Russell attended AA meetings for a year and was able to return to work in No Place to Land (1958) for Republic Pictures. No Place to Land features John Ireland as crop-dusting pilot Jonas Bailey, who dumps his girlfriend Iris Lee (Mari Blanchard). A humiliated Iris marries rich, jealous Buck Lavonne (Robert Middleton). Jonas and his pal Swede (Jackie Coogan) leave town in search of work. They cross paths with Roy and Lynn Dillon (Douglas Henderson and Gail Russell); since Roy is a drunk, Lynn urges Jonas and Swede to stay and fulfill Roy‘s crop-dusting contract with Buck‘s company. Iris isn’t over Jonas, and murder ensues when she sets off in search of him. Best selling author and screenwriter William Peter Blatty (credited as Bill Blatty) plays a policeman in the No Place to Land.
In 1960 Russell made two guest-starring appearances on television series, her only forays in that medium. On The Rebel starring Nick Adams as Johnny Yuma, Russell, Kenneth Tobey, and Robert Vaughn play the Bannister family; Tobey is Yuma‘s former Confederate Army Commanding Officer, Major Quincy Bannister, while Robert Vaughn and Gail Russell play the Major’s siblings.
On Manhunt with Victor Jory as Police Lt. Howard Finucane and Patrick McVey as reporter Ben Andrews, Gail Russell plays robbery victim Mrs. Clarke, who gives conflicting descriptions of the thief.
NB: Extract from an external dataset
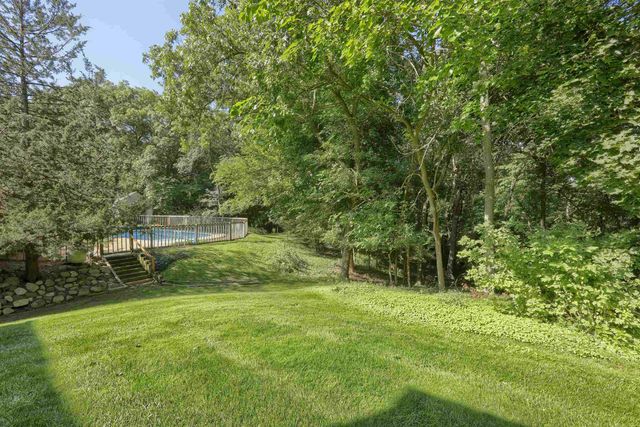 6022 Orion Road, Rochester Hills, MI 48306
Gail Russell’s last feature film is the low-budget, family friendly The Silent Call (1961), in the vein of Lassie/Homeward Bound movies. Gail Russell and David McLean are married couple Flore and Joe Brancato, parents to young Guy (Roger Mobley), who is upset at a move that leaves his dog Pete behind.
After filming The Silent Call, Russell isolated herself in her studio apartment for 8 months, according to her Daily Mirror memorial. When they hadn’t seen her for several days, some neighbors checked on her and found her dead in an apartment full of empty liquor bottles, paintings and sketches, on August 26, 1961.
Gail Russell was only 36 years old when she died prematurely of a heart attack, with malnutrition and liver damage due to acute, chronic alcoholism. Neither her ex-husband Guy Madison nor her former co-star and friend John Wayne attended her funeral.